South Korea is at the peak of its summer monsoon season, and there has been heavy rainfall for the last four days, causing a major dam to overflow.

The interior ministry reported that 33 people had been killed and another 10 were missing in the heavy downpours, mostly buried by landslides or after falling into a flooded reservoir.

Rescue workers were still struggling to reach more than 10 cars trapped in a 430-metre underground tunnel in Cheongju, North Chungcheong province, the ministry said.

The tunnel was inundated on Saturday morning after floodwaters swept in too quickly for the people inside to escape, according to the Yonhap news agency. As of Sunday, seven bodies have been recovered from the tunnel and divers were working around the clock searching for more victims, the interior ministry said.

“I have no hope but I can’t leave,” a parent of one of those missing in the tunnel told Yonhap. “My heart wrenches thinking how painful it must have been for my son in the cold water.”
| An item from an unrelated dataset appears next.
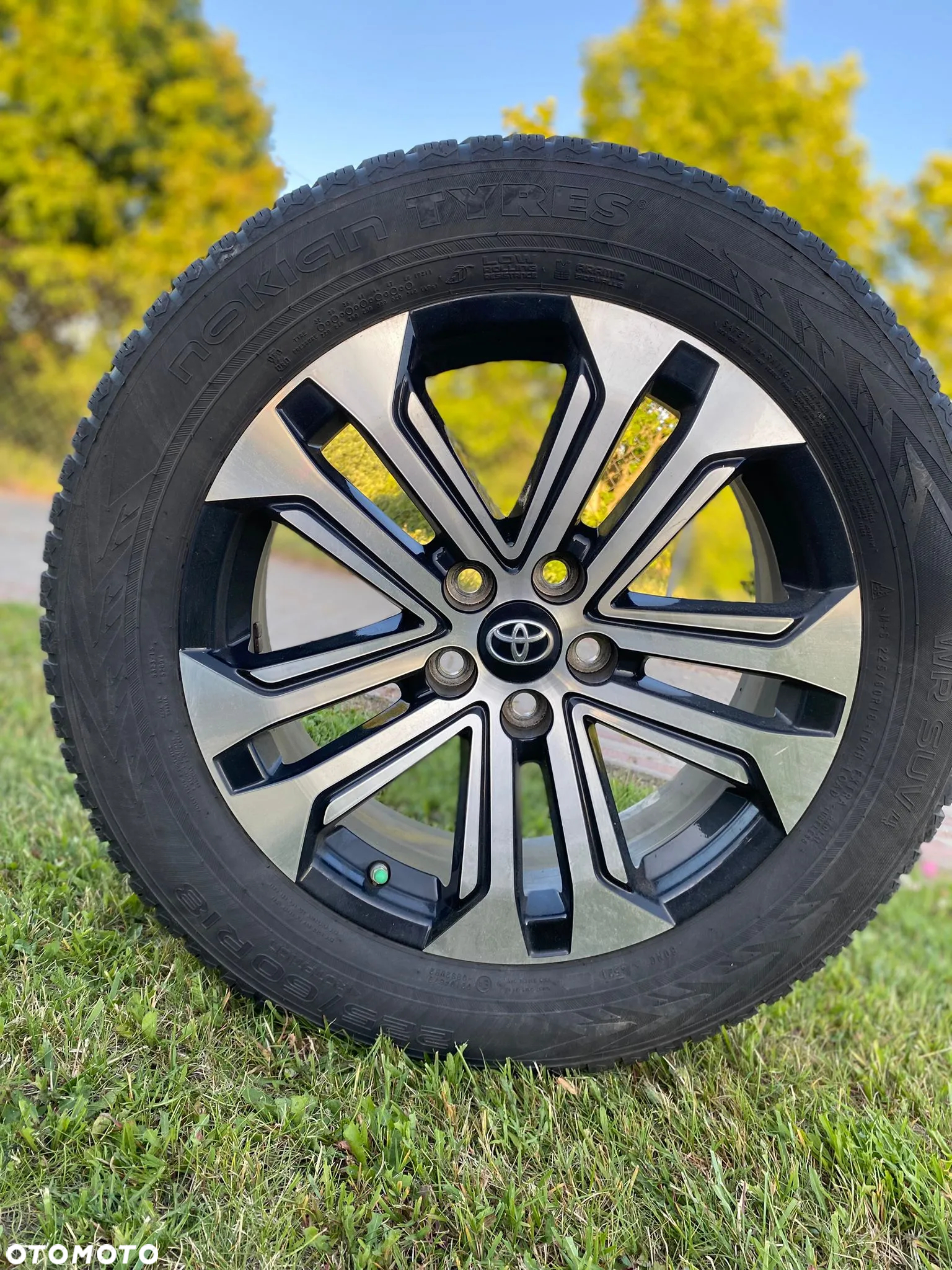 Toyota RAV4 2.5 Hybrid Active 4x2 - 12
Images broadcast on local television showed a torrential stream of water from a nearby river that had burst its banks flooding into the tunnel, as rescue workers struggled to use boats to get to people inside.

South Korean President Yoon Suk Yeol, who is currently on an overseas trip, held an emergency meeting with his aides on the government’s response to the heavy rains and flooding, his office said. Earlier, he ordered Prime Minister Han Duck-soo to mobilise all available resources to minimise casualties.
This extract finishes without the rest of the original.